The Ultimate Do-over

What if you could do over the worst mistake of your life?  What if you got to do that over and over?  What if time is not linear, not even circular, but a slate to be erased and reused endlessly or until it’s gotten right?  In her latest novel, Life after LifeKate Atkinson explores this idea.

On a snowy night, Ursula Todd is born with her umbilical cord wrapped around her neck.  She dies as a hapless maid pronounces that nothing can be done.  On a snowy night Ursula is born and Dr. Fellowes has made it through the snow in time to cut the cord.  On another snowy night,  her mother cuts the cord herself.  As Ursula experiences life after life, one summer her sister drowns; one summer it’s her cousin.  She pushes the family  maid down the stairs and breaks her leg, or she lies to her and tells her that her beau is cheating on her, or the maid dies of influenza along with Ursula’s sister and brother.  She slaps the face of a potential rapist or doesn’t and dies at the hand of an abusive husband.  She spends the war as an air raid warden in London and survives the war.  Her beloved brother Teddy’s plane is shot down and he dies.  Teddy is taken prisoner and survives.  Ursula dies in bombed out apartment in Germany holding her daughter.  As war is dawning, triumphant, Ursula kills Hitler in a German bar and dies in a barrage of bullets.

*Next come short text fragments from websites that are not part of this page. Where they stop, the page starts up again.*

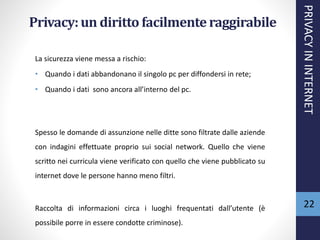 Privacy:un diritto facilmenteraggirabile
La sicurezza viene messa a rischio:
• Quando i dati abbandonano il singolo pc per diffondersi in rete;
• Quando i dati sono ancora all’interno del pc.
Spesso le domande di assunzione nelle ditte sono filtrate dalle aziende
con indagini effettuate proprio sui social network. Quello che viene
scritto nei curricula viene verificato con quello che viene pubblicato su
internet dove le persone hanno meno filtri.
Raccolta di informazioni circa i luoghi frequentati dall’utente (è
possibile porre in essere condotte criminose).
PRIVACYININTERNET
22
 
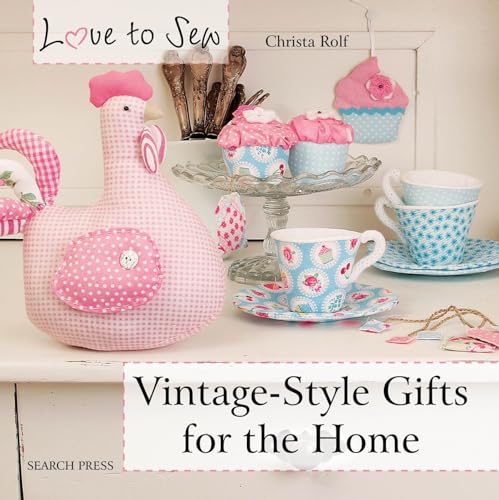 Love to Sew: Vintage-Style Gifts for the Home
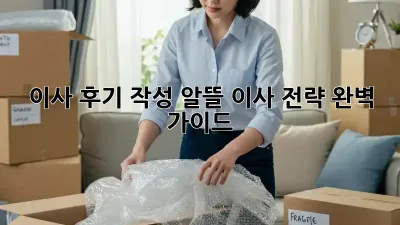 이사 후기 작성: 알뜰 이사 전략 완벽 가이드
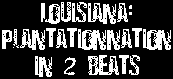 Louisiana: PlantationNation in 2 Beats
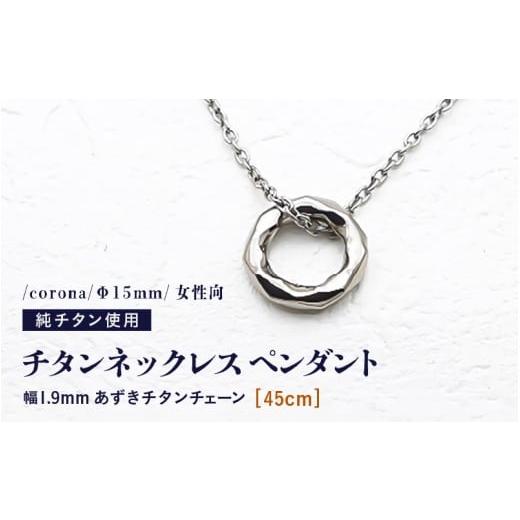 ふるさと納税 アクセサリー ネックレス 福井県 坂井市 チタンネックレス ペンダント/corona/Φ15mm/女性向 チェーンの長さ:45cm 幅1.9mm あずきチタンチェ…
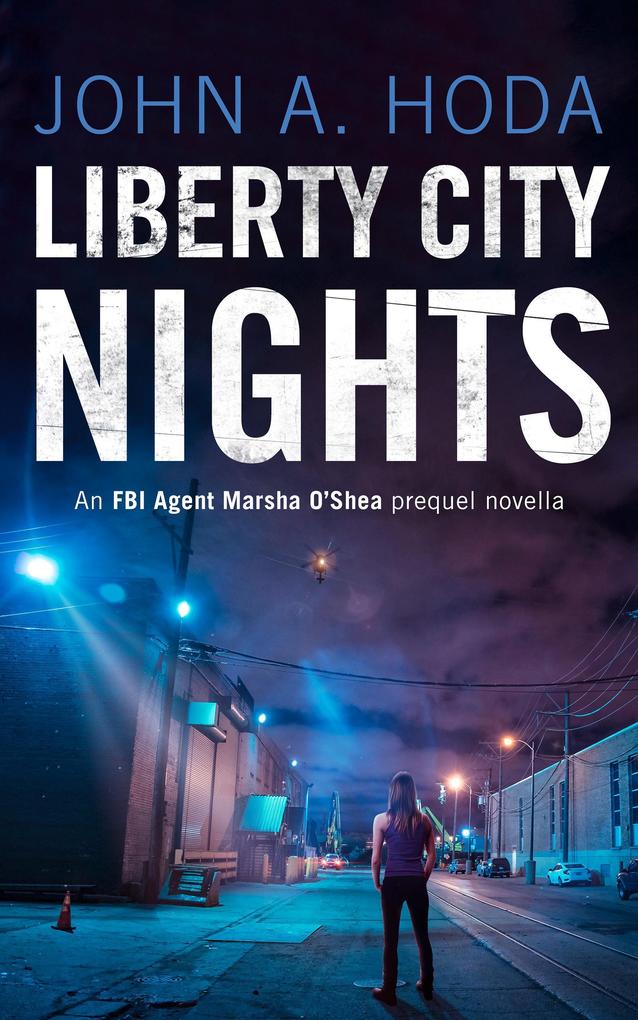 Liberty City Nights: FBI Agent Marsha O‘Shea Prequel Novella (FBI Agent Marsha O‘Shea Series)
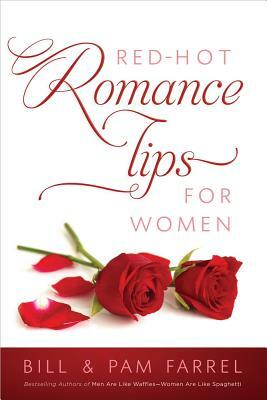 Red-Hot Romance Tips for Women by Pam Farrel, Bill Farrel
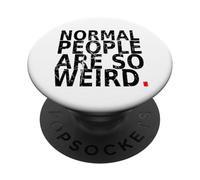 Normal People Are So Weird. Vintage, Funny Quote. PopSockets Adhesive PopGrip
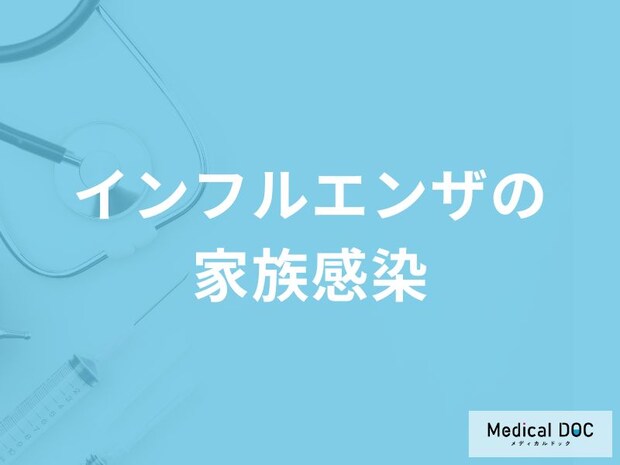 「家族からインフルエンザがうつる確率」はどのくらいかご存知ですか？【医師監修】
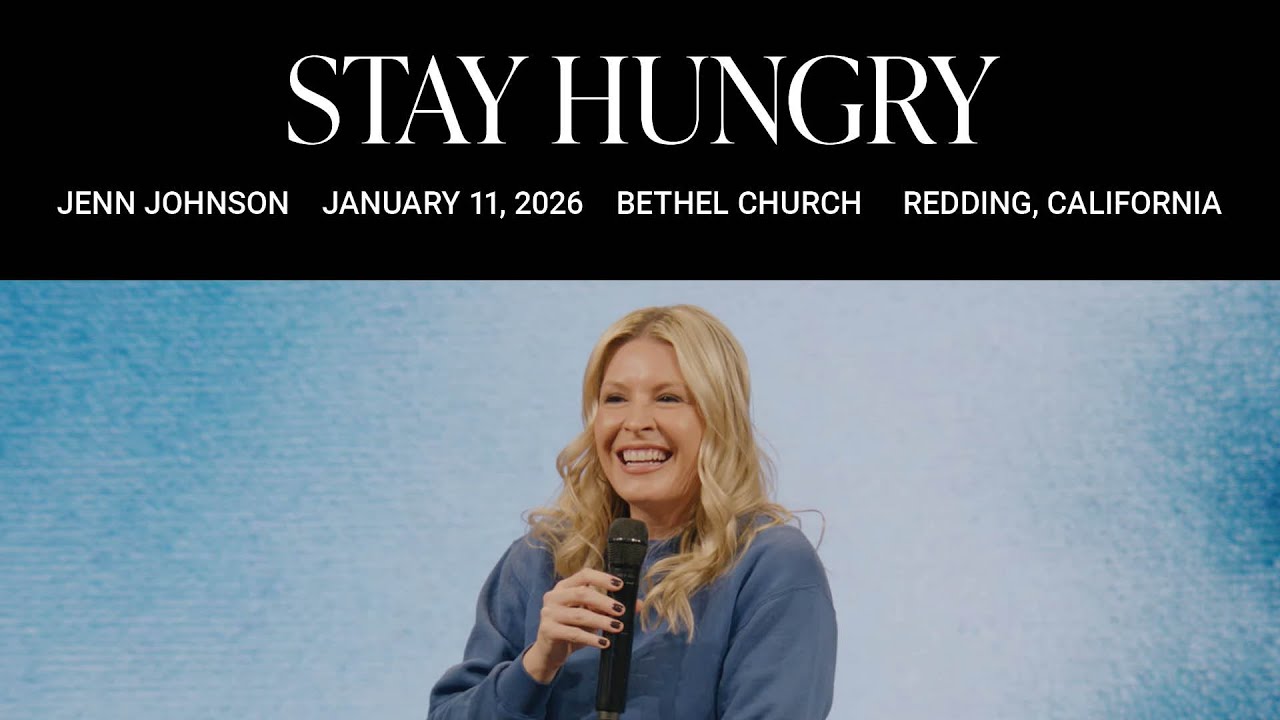 Stay Hungry: Jenn Johnson's Message on the Goodness of God | Bethel Church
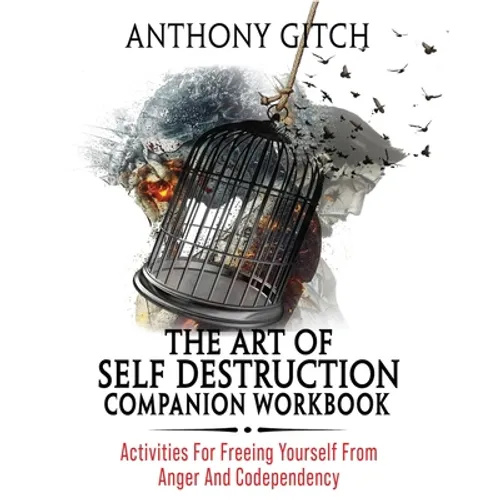 The Art Of Self Destruction Companion Workbook: Activities For Freeing Yourself From Anger And Codependency - Paperback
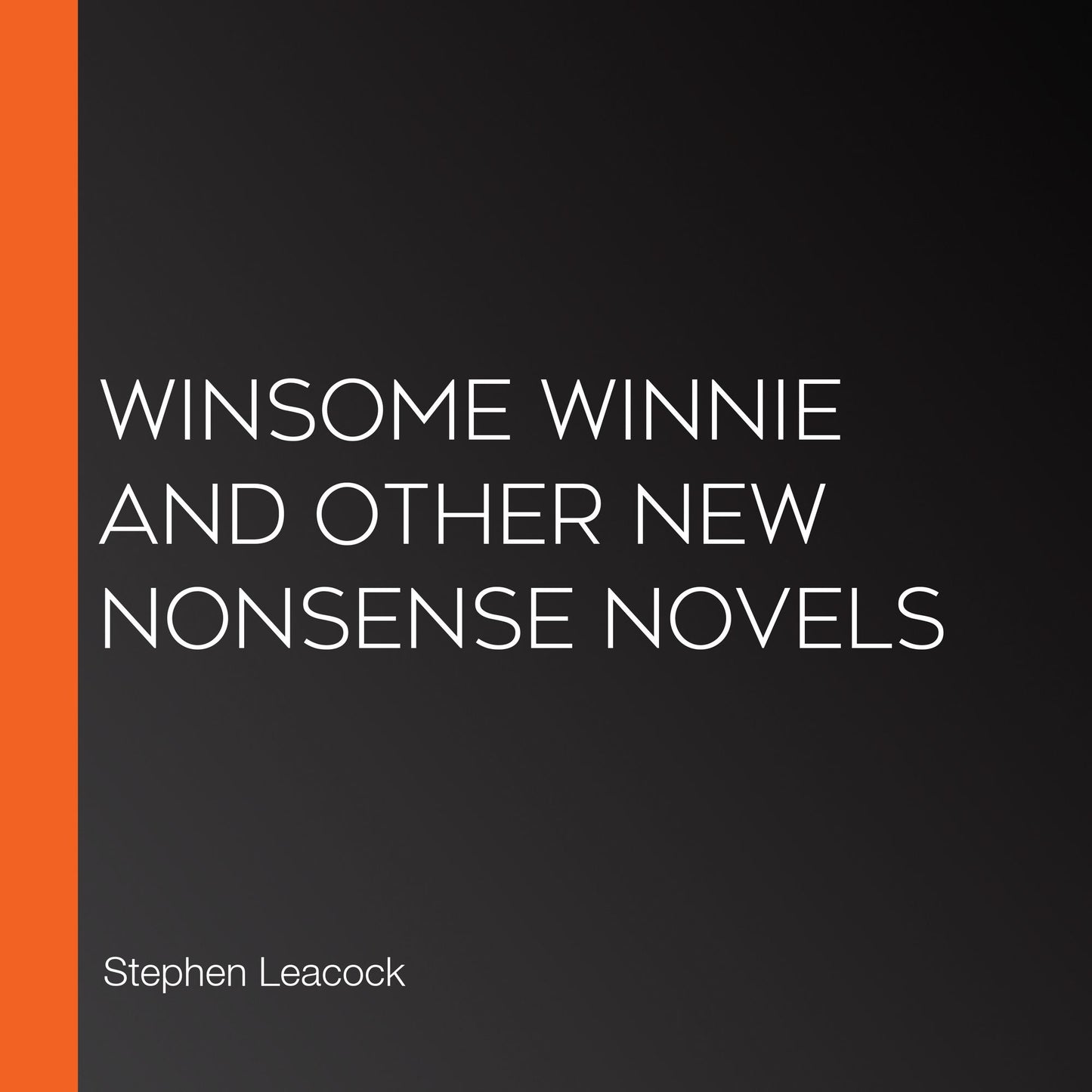 Winsome Winnie and other New Nonsense Novels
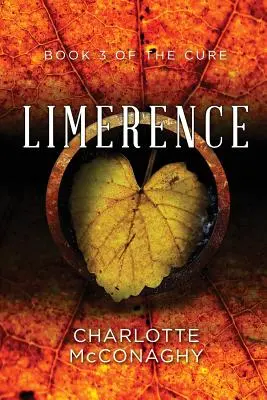 Limerence: Tretia kniha o liečbe (Omnibusové vydanie) - Limerence: Book Three of the Cure (Omnibus Edition)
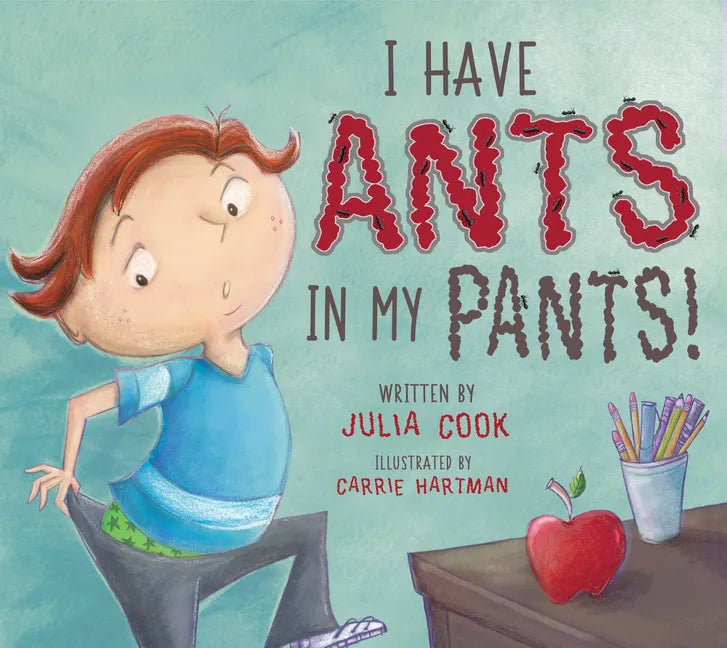 I Have Ants in My Pants - Paperback
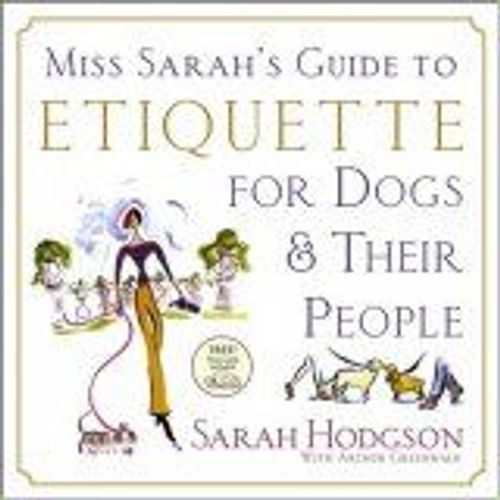Miss Sarah's Guide To Etiquette For Dogs & Their People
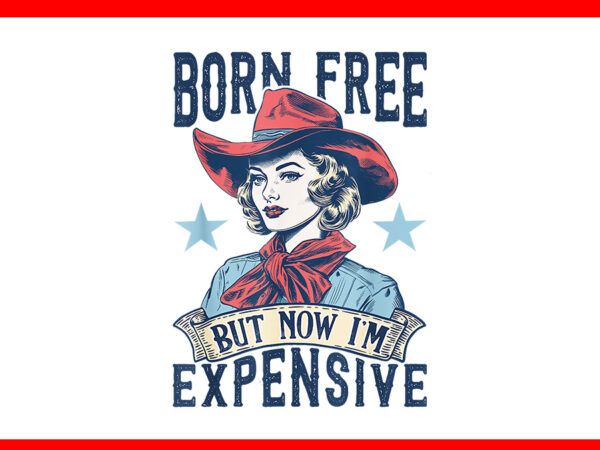 Born free but now i’m expensive retro 4th of july patriotic png t shirt template Born free but now i’m expensive retro 4th of july patriotic png t shirt template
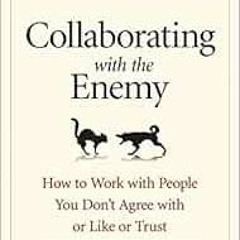 [GET] EBOOK EPUB KINDLE PDF Collaborating with the Enemy: How to Work with People You
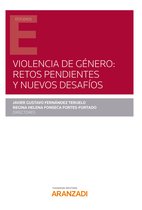 Estudios - Violencia de género: retos pendientes y nuevos desafíos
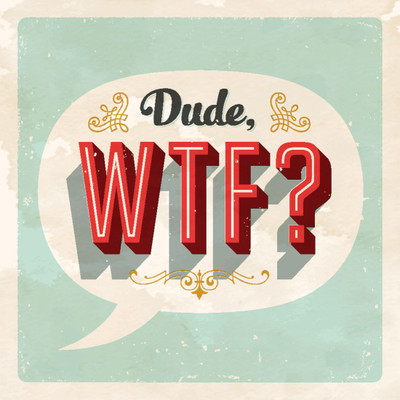 23% OFF on Dude WTF Paper Print(12 inch X 12 inch, Rolled) 23% OFF on Dude WTF Paper Print(12 inch X 12 inch, Rolled)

As the many lives of Ursula unfold we get to know her character as it is shaped and reshaped.  The supporting cast is complex and the reader gets to know them over lifetimes.  Atkinson raises the question of what characteristics are fixed in a person and how much can circumstances alter that core personality.  Some of the differences between lives are subtle and some extreme.  Pivotal points are large and small.  She invites us to look at our own lives and consider their pivotal points and occasions of deja vu.  Atkinson writes like a dream.  She has given us another masterful work that is highly original and provocative.  It’s a book that spoils you for anything else for a while.  I would very much like to experience reading it for the first time again.